The real story of Jim Morrison’s bust
by Michelle Campbell
The dead rocked
On Friday, January 27, 2012, the dead were royally rocked in Zagreb, Croatia. There were two events at the Zagreb City Museum that were linked by one of rock music’s premier figures, Jim Morrison, of The Doors. In the museum was an exhibit about Zagreb cemeteries and funerals called “Mors Porta Vitae—Death The Gate of Life”, which strangely included a beautiful plaster bust of Jim Morrison. There was also another event as part of Croatia’s “Night of Museums” that relates to rock music history. It was celebrating and announcing the release of a photo-monograph telling the story of the famous bust that used to decorate Jim Morrison’s grave in Paris.The portraitist of Jim Morrison
While all Doors fans have at least seen photographs of the incredible white bust before it was stolen, most people don’t know it was the work of a Croatian sculptor, Mladen Mikulin.

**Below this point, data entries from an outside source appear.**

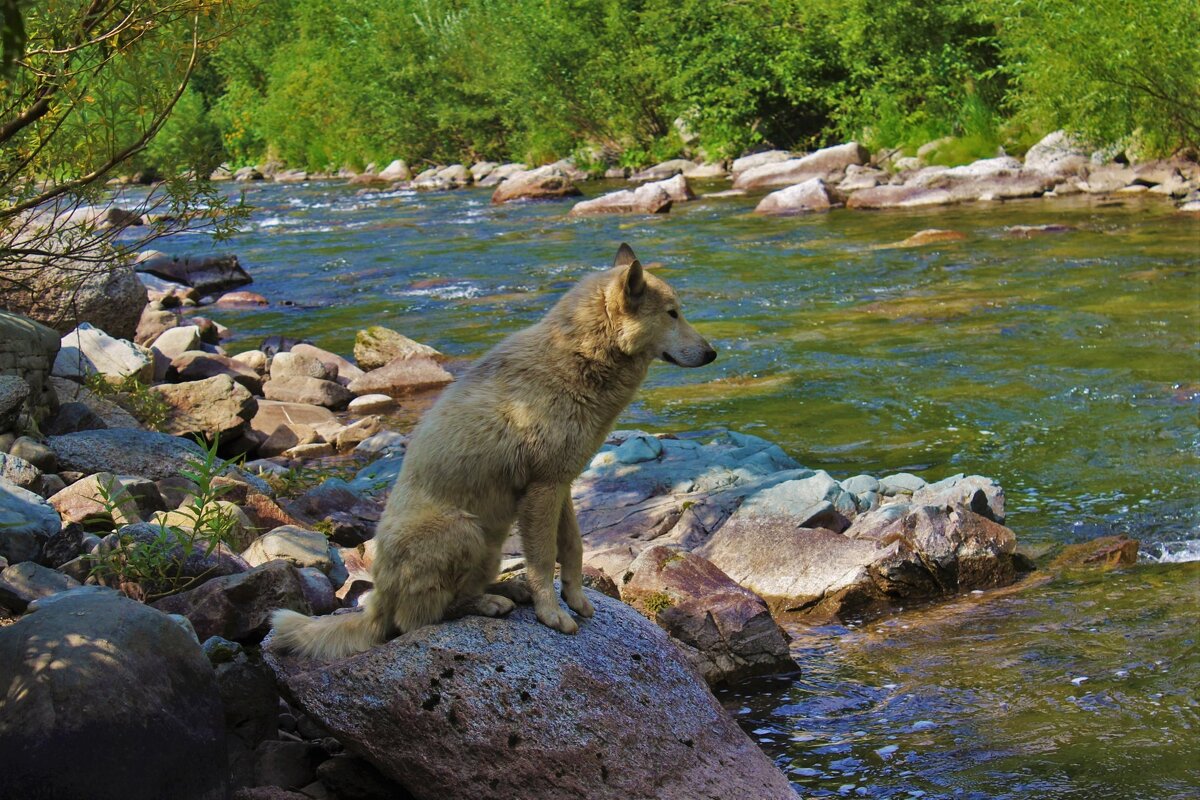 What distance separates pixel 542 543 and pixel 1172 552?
553 cm

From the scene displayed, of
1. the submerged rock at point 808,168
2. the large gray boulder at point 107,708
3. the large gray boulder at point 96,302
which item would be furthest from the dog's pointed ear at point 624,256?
the submerged rock at point 808,168

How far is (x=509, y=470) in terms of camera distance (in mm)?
4977

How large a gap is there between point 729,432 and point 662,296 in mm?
5777

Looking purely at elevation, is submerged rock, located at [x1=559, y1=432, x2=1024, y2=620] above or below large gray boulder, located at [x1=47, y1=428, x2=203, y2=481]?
below

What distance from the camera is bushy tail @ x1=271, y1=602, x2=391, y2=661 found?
4957 millimetres

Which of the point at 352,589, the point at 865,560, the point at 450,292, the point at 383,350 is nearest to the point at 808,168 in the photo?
the point at 450,292

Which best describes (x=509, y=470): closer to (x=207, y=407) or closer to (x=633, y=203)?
(x=207, y=407)

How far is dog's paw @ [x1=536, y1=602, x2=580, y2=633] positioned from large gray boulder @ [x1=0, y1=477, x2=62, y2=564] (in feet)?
8.46

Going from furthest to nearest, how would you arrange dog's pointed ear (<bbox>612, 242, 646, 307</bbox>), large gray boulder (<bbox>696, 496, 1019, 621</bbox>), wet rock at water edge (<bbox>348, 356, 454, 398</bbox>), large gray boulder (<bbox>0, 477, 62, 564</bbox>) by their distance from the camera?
wet rock at water edge (<bbox>348, 356, 454, 398</bbox>)
large gray boulder (<bbox>696, 496, 1019, 621</bbox>)
large gray boulder (<bbox>0, 477, 62, 564</bbox>)
dog's pointed ear (<bbox>612, 242, 646, 307</bbox>)

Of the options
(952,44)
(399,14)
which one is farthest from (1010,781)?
(399,14)

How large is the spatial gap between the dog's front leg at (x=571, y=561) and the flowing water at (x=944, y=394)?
1428 mm

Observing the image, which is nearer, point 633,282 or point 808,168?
point 633,282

Indeed, the artist modestly insisted on putting it on the grave unsigned. The photo-monograph was published to mark the 40th anniversary of Morrison’s passing through the gate of death, and is titled, “Mladen Mikulin, The Portraitist of Jim Morrison”. It details, in Croatian and English, all the personal and administrative procedures that Mikulin went through to realize his dream of placing his bust on the grave.